Why should hashtable size be prime number?

  • Lets say our hashtable size is 100 (which is NOT a prime number).
  • Say we wish to hash some value x and its multiples 2x, 3x, 4x and so on. If x was = 2 then {2, 4, 6, 8, .., inf} would be our values. Since our hashtable is of size 100, only 50% buckets would be occupied.
  • If x was = 3 then {3, 6, 9, 12, …, inf} would be our values. Only 33% would be occupied.
  • I hope you see the problem there ^. We want a situation where for any key would be spread across buckets in the whole table and not just some % of the table.
  • To formalize, for any x, your values are going to be spread in s number of buckets (given by the formula below).
    spread (s) = table_length / GreatestCommonFactor(table_length, x)

    table_length = 10
    x = 2

    s = 10 / GreatestCommonFactor(10, 2)
    s = 10 / 2
    s = 5

    Meaning values will be spread only in 5 out of 10 buckets (i.e. 50% of the table)

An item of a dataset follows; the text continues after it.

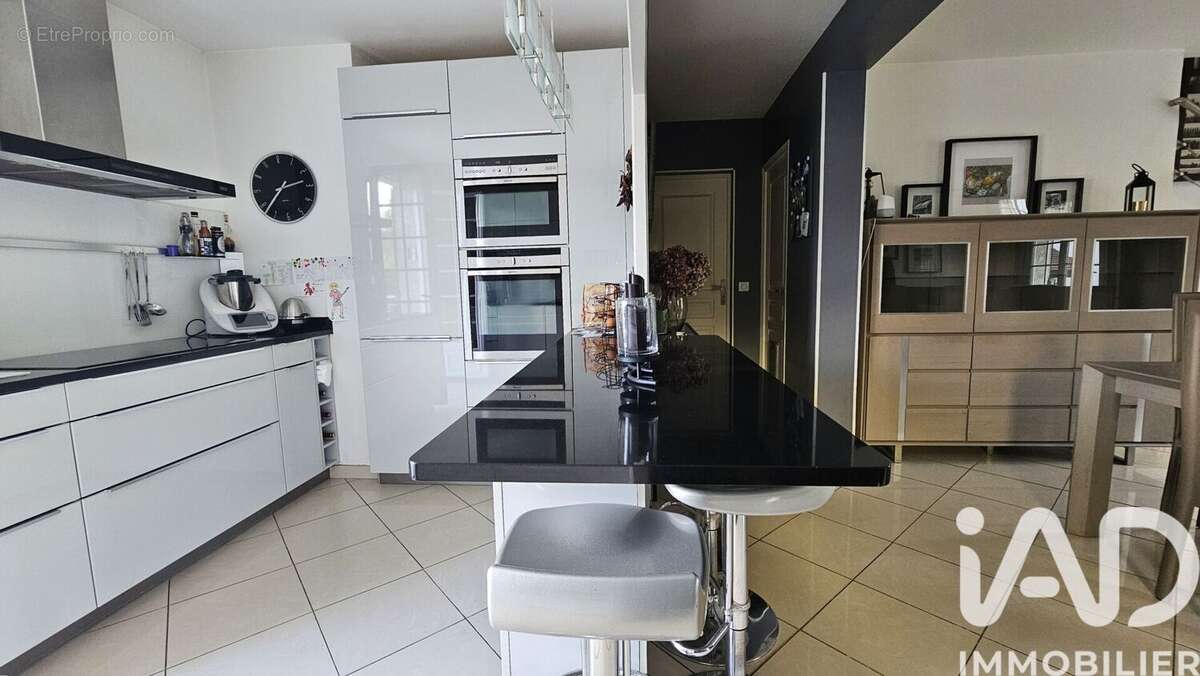 Maison 150 m² à Morainvilliers  - photo 7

  • We need GreatestCommonFactor(table length, x) to be 1 if we want to spread (s) to be table length (meaning map to all buckets in hashtable). So lets make x and table length co-prime1 for which we need to make table length prime!

[1] In number theory, two integers a and b are said to be coprime if the only positive integer that divides both of them is 1.